- 2024 was a good year for many of the industry’s biggest quant names.
- Players like Renaissance Technologies and Marshall Wace returned more than 20%.
- Cliff Asness’s AQR also had a big year, with its multistrategy Apex fund returning more than 15%.
Much like their peers in the multistrategy world, quant hedge funds had a strong 2024.
Algorithm-driven trading firms mostly delivered double-digit returns across different quant strategy types, including “quantamental” funds that blend systematic and human-run qualities into one and trend-following offerings. However, most of these funds failed to match the S&P 500’s 23% gain.
In 2024, the biggest and oldest names in computer-run hedge funds led the way, such as Renaissance Technologies, the firm founded by the late billionaire Jim Simons.

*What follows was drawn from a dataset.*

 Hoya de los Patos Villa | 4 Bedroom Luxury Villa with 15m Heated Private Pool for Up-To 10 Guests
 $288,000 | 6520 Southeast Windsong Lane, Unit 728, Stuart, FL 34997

The firm’s two main funds available to investors — Renaissance Institutional Equities Fund and Renaissance Institutional Diversified Alpha — were up 22.7% and 15.6%, a person close to the manager told Business Insider. Of course, the manager’s legendary Medallion fund, which now runs around $12 billion of internal capital, performed even better with a 30% return, Simons’ biographer and Wall Street Journal reporter Gregory Zuckerman said in a Linkedin post.
Two Sigma, which turned the reins over last year to a new set of co-CEOs, returned 10.9% in its flagship Spectrum fund. The $60 billion manager also made 14.3% in its Absolute Return Enhanced strategy, a person close to the New York-based quant giant said.

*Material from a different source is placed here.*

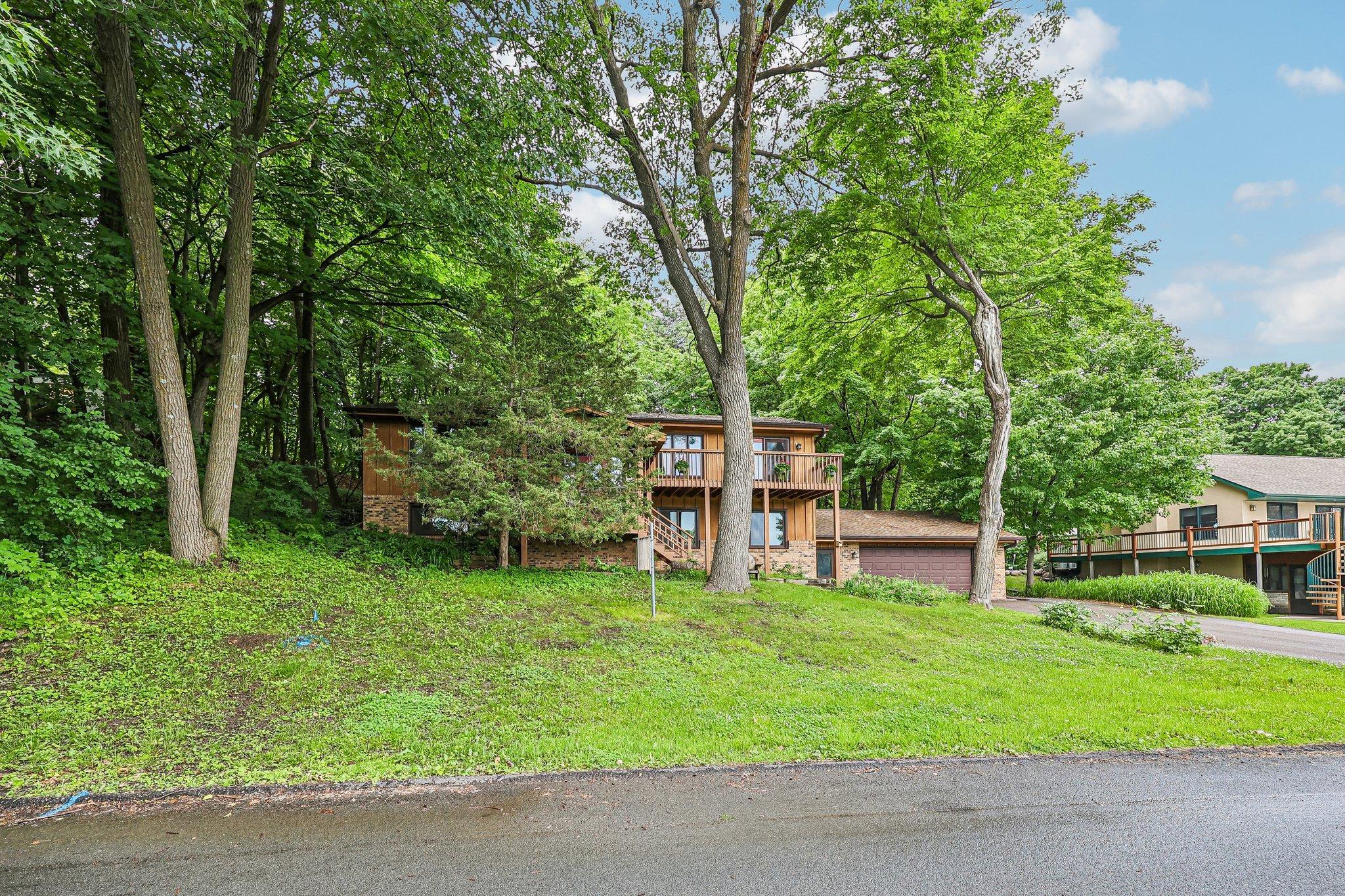 2nd image of 6680 Lotus Trl, Chanhassen, MN 55317 | MLS# 7091694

In the UK, longtime strategies for $70.9 billion Marshall Wace and $13.1 billion Winton Group had good years. Marshall Wace’s TOPS fund, an alpha-capture pioneer that systematically evaluates ideas and research from humans to create its portfolio, made 22.7%, according to a person close to the London-based firm. The all-quant multistrategy Winton Fund was up 10.3% last year, a person familiar with the firm told BI.
French quant firm Capital Fund Management, which is expanding its US presence, made 14.2% in its Stratus fund, which manages roughly $11.8 billion. The firm overall runs $16.7 billion across its half-dozen strategies, all of which were up double-digits in 2024, a person close to the firm said.
Cliff Asness’s AQR meanwhile made 17.9% in its $2.5 billion trend-following Helix fund, a firm spokesperson told BI. The manager’s $2.3 billion multistrategy fund, Apex, returned 15.1% on the year.
Graham Management was also up, returning 11.9% in its quantamental fund known as Proprietary Matrix while its trend-following option returned 6.7%, according to a person close to the Connecticut-based manager with $20 billion in assets.
But these managers have no time to rest. Artificial intelligence advancements have firms racing to build out systems and teams to better their processes. A new fund from OpenAI alum Leopold Aschenbrenner has the backing of Stripe’s founders and former GitHub CEO Nat Friedman and is “focused on” a type of AI that would match human intelligence.
“The industry is experiencing an information arms race with respect to how much information can be gathered and how quickly it can be processed,” a new release from Don Steinbrugge, an industry consultant who runs Agecroft Partners, reads.
“Information advantages are often short-lived, and many managers will continue investing in a host of new technologies.”
This is a developing story. More firms’ performance figures will be added as they are learned.